A bust of International Olympic Committee President Thomas Bach has been unveiled at the Dongsi Community Olympic Park in Beijing ©CCTV

A bust of International Olympic Committee (IOC) President Thomas Bach has been unveiled in central Beijing by IOC and Beijing 2022 vice-president Yu Zaiqing.

"The Olympics include not only sport but art and culture," Yu told the state network China Central Television after a short ceremony at the Dongsi Community Olympic Park in Dongcheng district, about six kilometres away from the Forbidden City.

"These works fully embody the art and culture of the Olympics."

The new bust stands 72 centimetres high and is the work of sculptor Yuan Xikun, who had previously executed sculptures of other leading Olympic figures.

The base bears the inscription “NINTH PRESIDENT OF THE INTERNATIONAL OLYMPIC COMMITTEE" with Bach’s name written in both Chinese and English.

It joins similar busts of his two Presidential predecessors in a Park opened in celebration of the 2008 Olympics.

Juan Antonio Samaranch was IOC President when the decision was made to award the Games to Beijing in 2001, and Jacques Rogge led the Olympic Movement at the time of the 2008 Games.

The display is completed by a full-length statue of a seated Baron Pierre de Coubertin, the French nobleman who revived the Olympics.

State television claimed the Park was the first in Beijing "dedicated to promoting the Olympic spirit".
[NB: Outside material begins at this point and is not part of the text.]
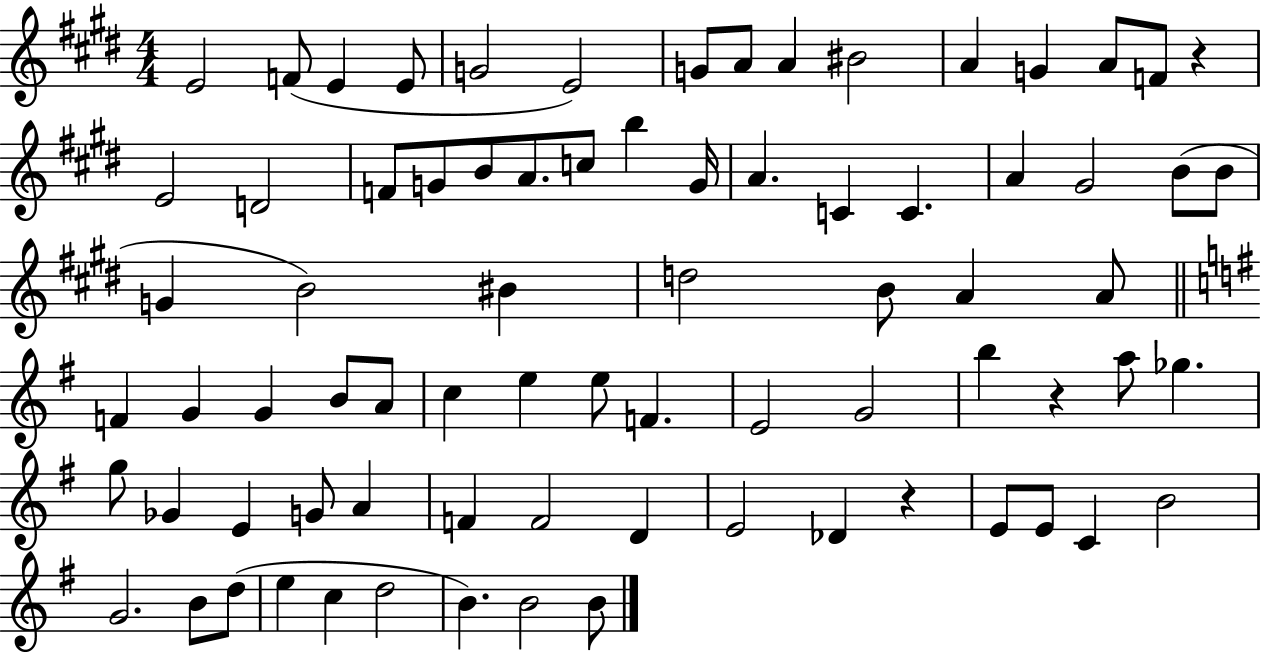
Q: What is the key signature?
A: E major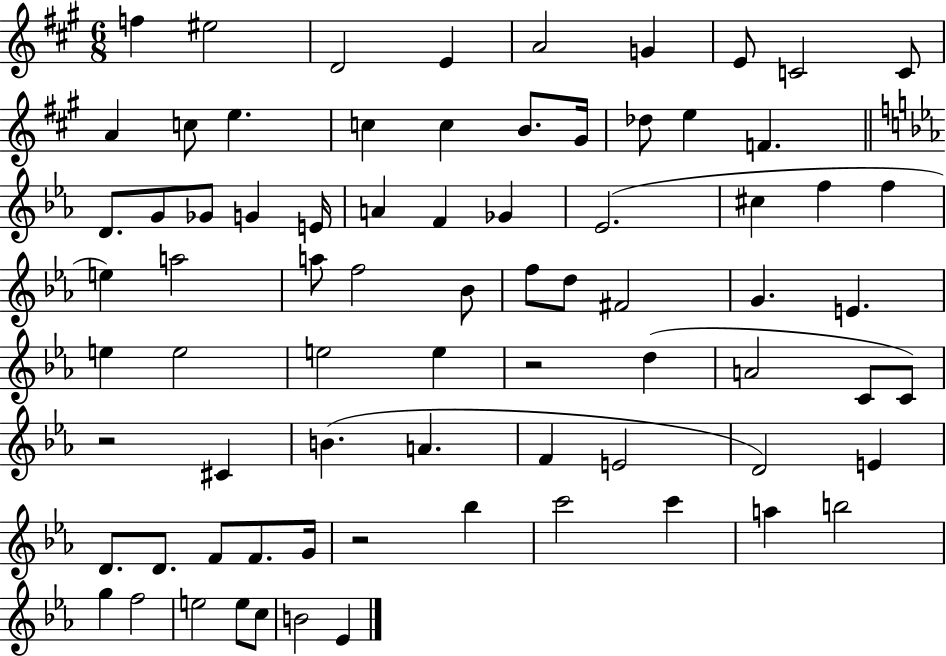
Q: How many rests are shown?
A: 3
Thomas Bach joins a statue of Baron Pierre de Coubertin, the founder of the IOC, in Dongsi Community Olympic Park in Beijing ©Philip Barker
Thomas Bach joins a statue of Baron Pierre de Coubertin, the founder of the IOC, in Dongsi Community Olympic Park in Beijing ©Philip Barker

Direction signs and lamp posts in the Park were decorated with the colours of the Olympic Rings and even the cycleway has barriers painted in Olympic colours.

There is also a stone monument with the Olympic Rings, a frieze with the emblems of the International Federations, and a representation of the Olympic Flame in a sculpture entitled "Holy Torch" encircled by a stone ring which marks previous host cities of the Games.

For Beijing 2022, life-size models of the Olympic mascot Bing Dwen Dwen, a panda and his Paralympic counterpart Shuey Rhon Rhon, a stylised Chinese "lantern child" have also been placed in the Park.